Data for analysis:
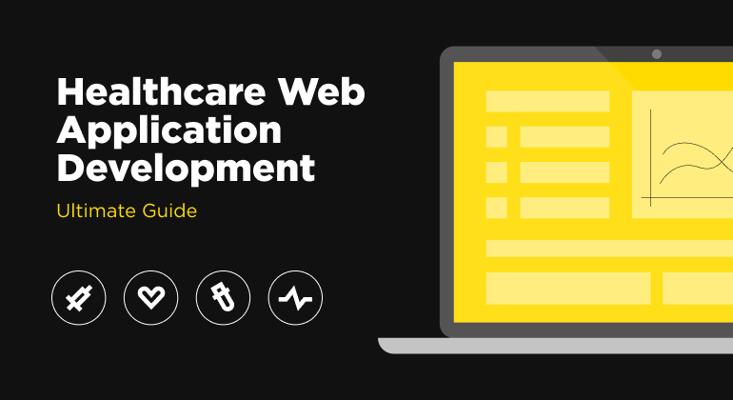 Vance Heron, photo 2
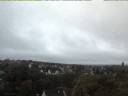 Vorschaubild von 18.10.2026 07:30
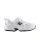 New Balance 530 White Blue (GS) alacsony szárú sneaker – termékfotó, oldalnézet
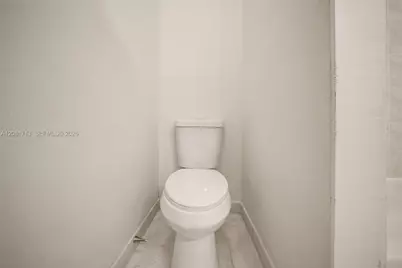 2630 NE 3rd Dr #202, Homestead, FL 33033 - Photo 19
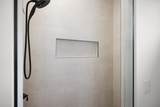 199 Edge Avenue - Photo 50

Action item:
Your reply should hold exactly the lines from the line containing "New Balance 530" through the final line of the listing, and none of the pictures.

Result below:
 New Balance 530 White Blue (GS) alacsony szárú sneaker – termékfotó, oldalnézet
 2630 NE 3rd Dr #202, Homestead, FL 33033 - Photo 19
 199 Edge Avenue - Photo 50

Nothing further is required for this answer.